Lindsay Mendez

 

 

By Brian Scott Lipton

 

In her 10 years on the New York stage, Lindsay Mendez has managed to make a strong impression on audiences whether she’s been the backup singer (“Everyday Rapture”) or the star attraction (“Wicked”). But your admiration of this spectacularly talented performer will go up yet another notch if you’re lucky enough to catch her remarkable solo cabaret debut at Feinstein’s/54 Below this week.

In this 90-minute outing, Mendez showcases her incredible musical versatility, moving effortlessly from sass to sorrow, folk to Broadway, jazz to operetta, and nailing each genre and each emotion with almost peerless precision. She also emits a rare sincerity and sense of humor, neither of which seems the least bit rehearsed, making her splendid company during the show.

A consummate actress, Mendez’s greatest strength is in the so-called “story song,” no matter how difficult or familiar it may be. Her rendition of Stephen Schwartz’s signature ballad “Meadowlark,” (from “The Baker’s Wife”) in which our narrator uses a childhood fable to justify leaving her husband, ranks up there with the best ones I’ve heard, especially in its lyric interpretation.

In a stunning take on Marvin Hamlisch and Edward Kleban’s “Nothing” (from “A Chorus Line”), she gives us an ideal portrait of the struggling drama student Morales. Her rendition of Benj Pasek and Justin Paul’s magnificent “Pretty Funny” from “Dogfight” (she originated the role of the downtrodden Rose Off-Broadway) is absolutely heartbreaking, and she’s deliciously seductive during Jerome Morose and John LaTouche’s gorgeous “Lazy Afternoon” (having recently played the role of Helen in City Center Encores! “The Golden Apple.”)

As accomplished as she is with a ballad, she’s just as marvelous handling such up-tempo tunes as Jay Livingston and Ray Evans’ “Stuff Like That There,” Victor Young and Milton Berle’s “Sam, You Made the Pants Too Long,” Harold Arlen and Ira Gerswhin’s “You’re a Builder Upper” and Frank Loesser and Jimmy McHugh’s charming yet hilarious “I Get the Neck of the Chicken.”

Moreover, Mendez has great fun sharing riffs with her husband, drummer Philip Wakefield (part of an extraordinary six-person band), on Bob Merrill’s silly “Ooh Bang Jiggilly Jang” and she is truly the only performer I’ve seen in 30 years of reviewing to do a song from an episode of “I Love Lucy.” (It’s a silly ditty called “Lily of the Valley.”)
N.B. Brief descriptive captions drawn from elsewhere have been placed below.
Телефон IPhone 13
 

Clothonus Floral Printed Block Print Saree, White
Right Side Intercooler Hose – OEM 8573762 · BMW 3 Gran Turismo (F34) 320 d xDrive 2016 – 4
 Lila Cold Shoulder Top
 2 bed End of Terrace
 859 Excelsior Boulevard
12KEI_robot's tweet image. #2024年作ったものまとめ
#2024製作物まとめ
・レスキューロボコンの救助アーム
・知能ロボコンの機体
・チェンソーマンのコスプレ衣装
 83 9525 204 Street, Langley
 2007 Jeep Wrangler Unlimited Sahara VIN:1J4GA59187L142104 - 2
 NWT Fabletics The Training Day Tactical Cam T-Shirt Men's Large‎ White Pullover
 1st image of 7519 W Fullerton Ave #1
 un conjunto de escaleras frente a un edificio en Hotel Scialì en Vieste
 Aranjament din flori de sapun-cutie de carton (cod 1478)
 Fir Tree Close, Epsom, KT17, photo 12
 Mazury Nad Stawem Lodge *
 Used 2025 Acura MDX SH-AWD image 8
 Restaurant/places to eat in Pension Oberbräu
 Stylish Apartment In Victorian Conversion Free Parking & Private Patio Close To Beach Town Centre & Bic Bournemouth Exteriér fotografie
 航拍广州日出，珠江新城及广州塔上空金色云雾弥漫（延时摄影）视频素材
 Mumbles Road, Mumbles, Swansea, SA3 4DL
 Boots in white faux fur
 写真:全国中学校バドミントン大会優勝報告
Still, I would have loved to hear just a little more contemporary material. She sounds almost exactly like the legendary Joni Mitchell on the singer-songwriter’s gorgeous “My Old Man” (nicely paired with Irving Berlin’s “I Got Lost in His Arms”), and if there was perhaps one too many tunes in a six-song medley of Joan Baez hits, it barely mattered to me.

Fittingly, she ended the set with a tribute to her friend, the composer Michael Friedman, who passed suddenly at the age of 41 last weekend. Furthermore, she found the perfect eulogy by bringing along some of her vocal students to perform a section of his infectious “The Tuba Song” from the 2013 Public Theater production of the musical version of Shakespeare’s “Love’s Labour’s Lost.”

As the song notes, “soon we’ll all be footnotes in a book of history but the past is past and for now the future is a mystery.” But to make today count, simply revel in the brilliance of Lindsay Mendez.